REQUIRED WORK
Begin with the line holding "2017 Hyundai Elantra", then print every line after it through the end of the data, exactly and with nothing added.

MATERIALS PROVIDED
════════════════════
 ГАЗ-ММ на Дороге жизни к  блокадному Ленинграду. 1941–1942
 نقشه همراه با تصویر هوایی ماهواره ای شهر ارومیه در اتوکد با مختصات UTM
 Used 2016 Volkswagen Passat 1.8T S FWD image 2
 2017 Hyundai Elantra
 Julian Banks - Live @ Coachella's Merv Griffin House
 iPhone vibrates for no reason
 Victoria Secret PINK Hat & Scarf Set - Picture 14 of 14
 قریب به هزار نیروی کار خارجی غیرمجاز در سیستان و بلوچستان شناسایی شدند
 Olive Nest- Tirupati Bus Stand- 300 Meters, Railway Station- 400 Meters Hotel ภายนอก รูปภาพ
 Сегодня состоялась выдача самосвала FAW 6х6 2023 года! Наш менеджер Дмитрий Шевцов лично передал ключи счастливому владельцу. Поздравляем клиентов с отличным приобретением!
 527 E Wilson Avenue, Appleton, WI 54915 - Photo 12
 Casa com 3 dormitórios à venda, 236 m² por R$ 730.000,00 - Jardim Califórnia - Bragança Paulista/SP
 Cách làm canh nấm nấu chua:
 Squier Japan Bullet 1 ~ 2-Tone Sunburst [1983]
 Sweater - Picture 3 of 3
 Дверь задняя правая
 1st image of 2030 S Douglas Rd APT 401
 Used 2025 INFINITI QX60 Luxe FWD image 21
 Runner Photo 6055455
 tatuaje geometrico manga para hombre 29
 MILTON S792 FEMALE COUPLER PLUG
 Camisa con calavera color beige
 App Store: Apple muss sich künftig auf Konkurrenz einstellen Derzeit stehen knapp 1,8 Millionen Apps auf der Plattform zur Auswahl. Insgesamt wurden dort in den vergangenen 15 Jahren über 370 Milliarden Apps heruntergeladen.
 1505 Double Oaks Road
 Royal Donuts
════════════════════
WRITTEN SOLUTION
 2017 Hyundai Elantra
 Julian Banks - Live @ Coachella's Merv Griffin House
 iPhone vibrates for no reason
 Victoria Secret PINK Hat & Scarf Set - Picture 14 of 14
 قریب به هزار نیروی کار خارجی غیرمجاز در سیستان و بلوچستان شناسایی شدند
 Olive Nest- Tirupati Bus Stand- 300 Meters, Railway Station- 400 Meters Hotel ภายนอก รูปภาพ
 Сегодня состоялась выдача самосвала FAW 6х6 2023 года! Наш менеджер Дмитрий Шевцов лично передал ключи счастливому владельцу. Поздравляем клиентов с отличным приобретением!
 527 E Wilson Avenue, Appleton, WI 54915 - Photo 12
 Casa com 3 dormitórios à venda, 236 m² por R$ 730.000,00 - Jardim Califórnia - Bragança Paulista/SP
 Cách làm canh nấm nấu chua:
 Squier Japan Bullet 1 ~ 2-Tone Sunburst [1983]
 Sweater - Picture 3 of 3
 Дверь задняя правая
 1st image of 2030 S Douglas Rd APT 401
 Used 2025 INFINITI QX60 Luxe FWD image 21
 Runner Photo 6055455
 tatuaje geometrico manga para hombre 29
 MILTON S792 FEMALE COUPLER PLUG
 Camisa con calavera color beige
 App Store: Apple muss sich künftig auf Konkurrenz einstellen Derzeit stehen knapp 1,8 Millionen Apps auf der Plattform zur Auswahl. Insgesamt wurden dort in den vergangenen 15 Jahren über 370 Milliarden Apps heruntergeladen.
 1505 Double Oaks Road
 Royal Donuts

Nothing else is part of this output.